## [The task]
Every entry must be given again exactly as it is written.

┌──

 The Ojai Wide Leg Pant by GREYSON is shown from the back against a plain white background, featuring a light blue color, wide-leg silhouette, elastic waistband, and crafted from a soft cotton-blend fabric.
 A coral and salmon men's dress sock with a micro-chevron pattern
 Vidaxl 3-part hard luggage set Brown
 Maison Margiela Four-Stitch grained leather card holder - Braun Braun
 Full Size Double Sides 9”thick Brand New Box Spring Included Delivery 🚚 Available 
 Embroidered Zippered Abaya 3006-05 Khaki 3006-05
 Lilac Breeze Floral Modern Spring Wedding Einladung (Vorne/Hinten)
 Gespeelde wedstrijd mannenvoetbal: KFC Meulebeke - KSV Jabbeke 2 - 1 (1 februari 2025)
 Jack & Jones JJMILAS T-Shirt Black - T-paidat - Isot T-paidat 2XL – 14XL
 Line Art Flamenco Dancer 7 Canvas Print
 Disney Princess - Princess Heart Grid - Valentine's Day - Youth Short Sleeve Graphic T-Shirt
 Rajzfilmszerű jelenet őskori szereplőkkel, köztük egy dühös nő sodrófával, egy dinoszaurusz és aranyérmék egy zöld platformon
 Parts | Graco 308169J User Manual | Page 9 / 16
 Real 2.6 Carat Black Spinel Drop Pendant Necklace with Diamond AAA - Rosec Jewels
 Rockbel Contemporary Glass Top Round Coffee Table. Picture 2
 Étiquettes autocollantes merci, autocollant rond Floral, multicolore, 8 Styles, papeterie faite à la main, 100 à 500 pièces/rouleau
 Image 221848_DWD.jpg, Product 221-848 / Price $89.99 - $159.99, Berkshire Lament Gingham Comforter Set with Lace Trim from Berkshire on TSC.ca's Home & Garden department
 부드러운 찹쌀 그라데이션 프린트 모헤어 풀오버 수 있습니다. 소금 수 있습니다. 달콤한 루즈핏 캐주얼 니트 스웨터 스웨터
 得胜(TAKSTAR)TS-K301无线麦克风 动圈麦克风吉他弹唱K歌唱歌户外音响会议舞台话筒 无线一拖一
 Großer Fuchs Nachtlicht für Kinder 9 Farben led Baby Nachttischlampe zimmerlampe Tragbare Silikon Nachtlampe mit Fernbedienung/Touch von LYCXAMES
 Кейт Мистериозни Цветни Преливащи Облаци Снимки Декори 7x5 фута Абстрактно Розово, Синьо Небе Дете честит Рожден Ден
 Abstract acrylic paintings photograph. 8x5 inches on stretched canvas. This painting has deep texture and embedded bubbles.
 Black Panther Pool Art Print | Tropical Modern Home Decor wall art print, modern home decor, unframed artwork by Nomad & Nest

└──

## [Exercise response]
 The Ojai Wide Leg Pant by GREYSON is shown from the back against a plain white background, featuring a light blue color, wide-leg silhouette, elastic waistband, and crafted from a soft cotton-blend fabric.
 A coral and salmon men's dress sock with a micro-chevron pattern
 Vidaxl 3-part hard luggage set Brown
 Maison Margiela Four-Stitch grained leather card holder - Braun Braun
 Full Size Double Sides 9”thick Brand New Box Spring Included Delivery 🚚 Available 
 Embroidered Zippered Abaya 3006-05 Khaki 3006-05
 Lilac Breeze Floral Modern Spring Wedding Einladung (Vorne/Hinten)
 Gespeelde wedstrijd mannenvoetbal: KFC Meulebeke - KSV Jabbeke 2 - 1 (1 februari 2025)
 Jack & Jones JJMILAS T-Shirt Black - T-paidat - Isot T-paidat 2XL – 14XL
 Line Art Flamenco Dancer 7 Canvas Print
 Disney Princess - Princess Heart Grid - Valentine's Day - Youth Short Sleeve Graphic T-Shirt
 Rajzfilmszerű jelenet őskori szereplőkkel, köztük egy dühös nő sodrófával, egy dinoszaurusz és aranyérmék egy zöld platformon
 Parts | Graco 308169J User Manual | Page 9 / 16
 Real 2.6 Carat Black Spinel Drop Pendant Necklace with Diamond AAA - Rosec Jewels
 Rockbel Contemporary Glass Top Round Coffee Table. Picture 2
 Étiquettes autocollantes merci, autocollant rond Floral, multicolore, 8 Styles, papeterie faite à la main, 100 à 500 pièces/rouleau
 Image 221848_DWD.jpg, Product 221-848 / Price $89.99 - $159.99, Berkshire Lament Gingham Comforter Set with Lace Trim from Berkshire on TSC.ca's Home & Garden department
 부드러운 찹쌀 그라데이션 프린트 모헤어 풀오버 수 있습니다. 소금 수 있습니다. 달콤한 루즈핏 캐주얼 니트 스웨터 스웨터
 得胜(TAKSTAR)TS-K301无线麦克风 动圈麦克风吉他弹唱K歌唱歌户外音响会议舞台话筒 无线一拖一
 Großer Fuchs Nachtlicht für Kinder 9 Farben led Baby Nachttischlampe zimmerlampe Tragbare Silikon Nachtlampe mit Fernbedienung/Touch von LYCXAMES
 Кейт Мистериозни Цветни Преливащи Облаци Снимки Декори 7x5 фута Абстрактно Розово, Синьо Небе Дете честит Рожден Ден
 Abstract acrylic paintings photograph. 8x5 inches on stretched canvas. This painting has deep texture and embedded bubbles.
 Black Panther Pool Art Print | Tropical Modern Home Decor wall art print, modern home decor, unframed artwork by Nomad & Nest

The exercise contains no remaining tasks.